Dopo aver aver scoperto, nel corso del 2026, la storia di tante donne che attraverso la musica hanno lottato per i diritti di tuttə con la Rubrica “The Power of Music” di cui trovate numerosi articoli nel nostro blog, nel corso del 2026 parliamo di uomini, la metà della mela, quella sana che vorremmo avere al nostro fianco nelle nostre battaglie quotidiane per la parità di genere.
Se le donne non vengono ascoltate, sono sottovalutate e rinchiuse in uno stereotipo di femministe arrabbiate, forse allora la voce maschile sarà ascoltata, proprio perché maschile… perché riconosciuta come autorevole e non faziosa.
Sono pochi gli uomini che apertamente mettono in discussione il patriarcato con i conseguenti privilegi e che analizzano i condizionamenti che, già dalla nascita, li plasma rendendoli spesso sordi e ciechi rispetto alla condizione del genere femminile e al contesto attuale in continua evoluzione.
Lorenzo Gasparrini è una voce, una testimonianza e una speranza.
Buona lettura!
Emanuela Caccia
Lorenzo Gasparrini: filosofia e femminismi
Nato a Roma nel 1972, durante gli studi di filosofia e una breve carriera accademica in diverse università del centro Italia, Lorenzo Gasparrini incontra testi e protagoniste dei femminismi, decidendo così, dopo aver iniziato un percorso di profonda critica personale, di dedicarsi alla diffusione e divulgazione di argomenti riguardo gli studi di genere, soprattutto rivolti a un pubblico maschile.
Un lavoro tra formazione e editoria
Attualmente conduce seminari, workshop e laboratori in università, centri sociali, aziende, scuole, sindacati, ordini professionali, gruppi autorganizzati; pubblica costantemente su riviste specializzate e no, sia online che stampate.
È autore di numerosi libri, tra questi ricordiamo “Perché il femminismo serve anche agli uomini” (Eris Edizioni, 2020), “NO. Del rifiuto e del suo essere un problema essenzialmente maschile.” (Effequ, 2019), “Non sono sessista, ma… Il sessismo nel linguaggio contemporaneo” (Edizioni TLON, 2019) e “Diventare uomini. Relazioni maschili senza oppressioni” (Settenove, 2016, nuova edizione 2020). Tutti i testi qui citati possono essere presi in prestito dalla nostra Biblioteca Oltre le Differenze!

Comprendere il privilegio
La narrazione di Gasparrini racconta che la battaglia sulla parità di genere è un fatto soprattutto culturale, nella quale il ruolo dei divulgatori è importante.

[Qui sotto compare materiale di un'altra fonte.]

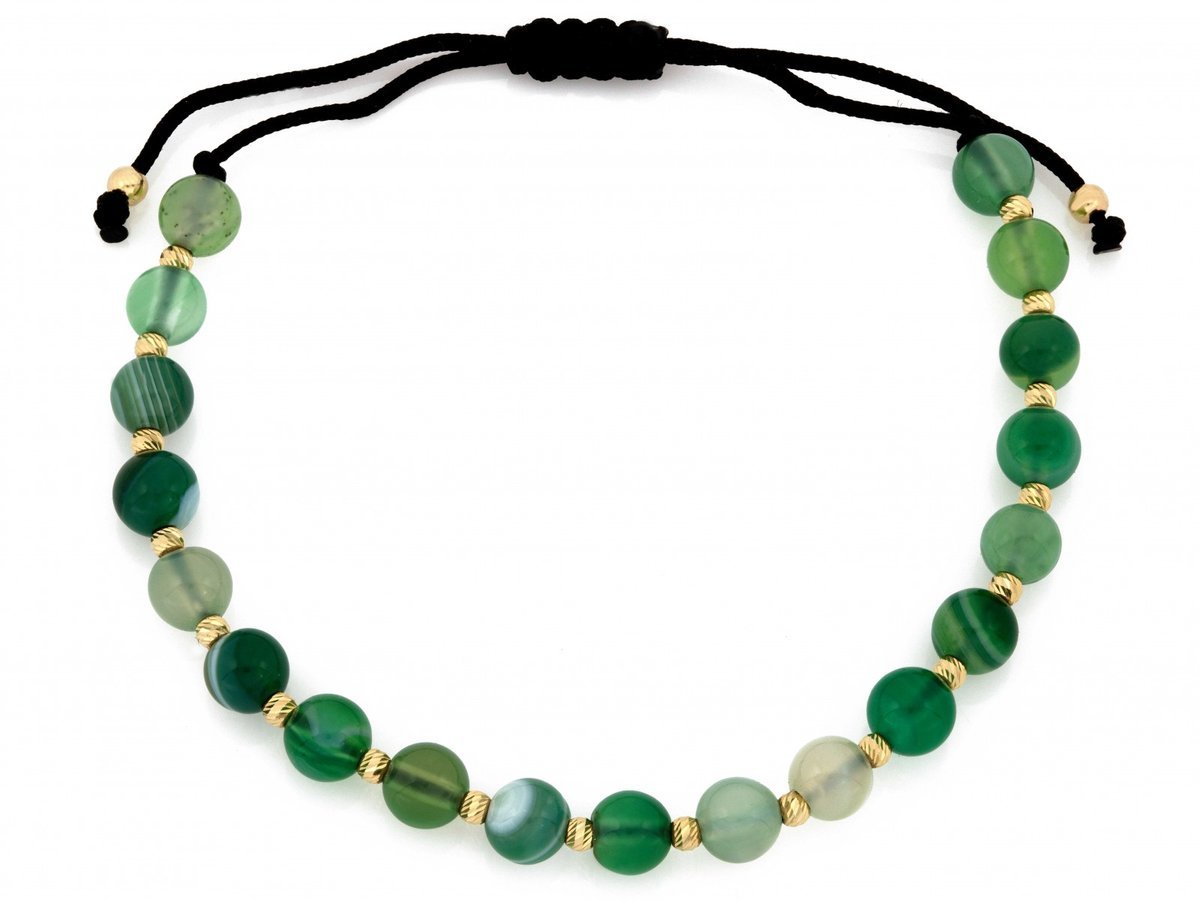 Bransoletka damska złota 585 14k 0.68g z zielonymi kamieniami na sznurku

Guardare ai privilegi maschili con occhi nuovi: critici e liberi da condizionamenti.
Privilegio: il privilegio è un vantaggio, diritto o esenzione speciale concesso a una persona o gruppo dal latino privilegium = “legge per il singolo”.

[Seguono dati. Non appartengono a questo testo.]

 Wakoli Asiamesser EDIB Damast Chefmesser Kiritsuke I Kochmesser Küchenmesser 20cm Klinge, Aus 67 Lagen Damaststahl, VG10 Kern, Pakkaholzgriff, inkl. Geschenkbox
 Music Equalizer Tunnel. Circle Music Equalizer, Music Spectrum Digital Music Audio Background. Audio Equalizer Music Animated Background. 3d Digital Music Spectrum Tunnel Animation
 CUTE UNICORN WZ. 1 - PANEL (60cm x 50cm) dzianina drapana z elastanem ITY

Cambiare linguaggio, cambiare prospettiva
“Bisogna chiedersi «chi ha deciso che dovevo essere così?». Decostruire non vuol dire buttare via, ma prendere pezzo per pezzo ciò che sei, ciò che fai, e chiederti da dove arriva, chi te l’ha insegnato, se l’hai scelto davvero. E poi decidere: questo lo tengo, questo lo cambio. Un primo passo fondamentale è il linguaggio, modificare le parole che usiamo ogni giorno è potentissimo. Alcune espressioni, modi di dire, battute, sono veicoli di potere sessista. Vanno cambiate e va fatto notare anche agli altri: l’amico che fa la battutaccia, quello che crede di fare un complimento, ma è solo molesto. Quando inizi a cambiare linguaggio, ti accorgi di cose che prima non vedevi. Percepisci ingiustizie che prima ti sembravano normali”
Decostruire il maschile, non gli uomini
“La prima cosa da fare è smontare quelle convinzioni che molti uomini si portano dietro. E farlo non con accuse, ma dialogando.
Per esempio: nessuno ce l’ha con te perché sei un uomo. Il femminismo non è una guerra contro il genere maschile.
Il problema non sono “gli uomini” in quanto tali, ma il maschile come insieme di valori e poteri sociali che vengono associati a quel genere (e che possono essere esercitati anche da una donna). È quel sistema di potere che il femminismo cerca di decostruire, ovunque si manifesti: nei media, nel linguaggio, nei rapporti interpersonali.
Basta poco per capirlo: leggere, ascoltare chi fa attivismo, confrontarsi.
Ti accorgi subito che molte delle idee che avevi erano costruzioni sociali.
E che il femminismo, alla fine, serve anche a te.”